The source data comes from the excellent site Tatoeba.org, which offers many languages. You could even get Chinese-Japanese sentence pairs, or for almost any other language. If someone asks for a particular language pair, such as Chinese-Swedish or Chinese-Russian, I can easily convert it for them.

The sentences and translations were (and are) made available under the following Creative Commons-Attribution license:

https://creativecommons.org/licenses/by/2.0/


Edit: @leguan The word segmentation for Japanese and English is better now because I first converted the sentences to Simplified, then applied the Stanford word segmentation. So I ask you to redownload.


Hope you like it, cheers,

Shun


Edit: For @leguan 's highly useful sentence contextual flashcards based on these lists and the HSK list, please head down to message #42, or use this link:

https://plecoforums.com/threads/79-...apanese-and-spanish-sentences.5925/post-45063
 

Attachments

Last edited:
#2
Hi Shun,
Great work!

I am very keen to add the Chinese-English sentences to sentence contextual flashcards I made from the "18,896 HSK sentences" you posted in September 2017 as, as you mentioned above, it does indeed seem that these Tatoeba sentences are very simple and taken from real-life situations, which I believe is ideal for creating a minimal context that allows the user to disambiguate which word is being tested!

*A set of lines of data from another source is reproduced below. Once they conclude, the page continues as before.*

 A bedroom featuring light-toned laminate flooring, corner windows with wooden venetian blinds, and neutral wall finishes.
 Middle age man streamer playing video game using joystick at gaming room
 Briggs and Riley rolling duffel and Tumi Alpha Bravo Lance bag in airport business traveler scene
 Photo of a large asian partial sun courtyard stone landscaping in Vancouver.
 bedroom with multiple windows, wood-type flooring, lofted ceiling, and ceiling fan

https://plecoforums.com/threads/18-896-hsk-sentences.5615/#post-42743

I have a couple of questions though. In your earlier sentences above, pinyin for "words" in the example sentences did not have space characters within. This made identifying word matches in the sentences much more reliable. For example, in the sentence below the pinyin for the "word"s soldier, stand guard, and coffin do not have any internal spaces, e.g. "shi4bing1" "shou3wei4", and "ling2jiu4".

四个士兵守卫灵柩.
si4 ge4 shi4bing1 shou3wei4 ling2jiu4
Four soldiers stood guard over the coffin.

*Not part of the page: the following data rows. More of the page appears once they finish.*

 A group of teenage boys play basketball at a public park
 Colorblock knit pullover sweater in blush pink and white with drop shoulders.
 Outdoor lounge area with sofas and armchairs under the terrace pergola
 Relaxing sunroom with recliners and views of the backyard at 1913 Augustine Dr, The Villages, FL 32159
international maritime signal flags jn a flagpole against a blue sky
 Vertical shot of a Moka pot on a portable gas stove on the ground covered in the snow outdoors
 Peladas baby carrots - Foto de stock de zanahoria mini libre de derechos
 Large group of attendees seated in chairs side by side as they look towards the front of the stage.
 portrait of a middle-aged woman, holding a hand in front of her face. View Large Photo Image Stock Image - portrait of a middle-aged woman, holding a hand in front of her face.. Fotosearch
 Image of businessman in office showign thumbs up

I am thus wondering if the "pinyin" package you used is able to output pinyin "word-by-word" as per the format above.

Also, I can't remember if I mentioned that I have lived in Japan for the last 19 years working at a Japanese company. So my Japanese is much better than my Chinese. As such, I am also very keen to make a Chinese-Japanese version of the sentence contextual flashcards mentioned above. Could I take you up on your offer above and ask you to convert the Chinese-Japanese sentences? There is no hurry though - first I will work on adding the new Chinese-English sentences to my earlier flashcards as mentioned above.

I don't know how many other users are interested, but after I create the updated Chinese-English (and hopefully Chinese-Japanese) flashcards, I will post them here.

Kind regards,

Leguan
 
#3
Hi Shun,
Oh sorry, I read your first post more carefully and discovered that you had already covered my first question above, i.e., pinyin is "done syllable by syllable, without any word recognition.". Does that mean that word recognition is not possible? For creating the "sentence contextual" flashcards I mentioned above, word recognition is probably essential to avoid incorrect matches.
Thanks again!
 
#4
Hi Leguan,

thanks a lot for your interest and compliment!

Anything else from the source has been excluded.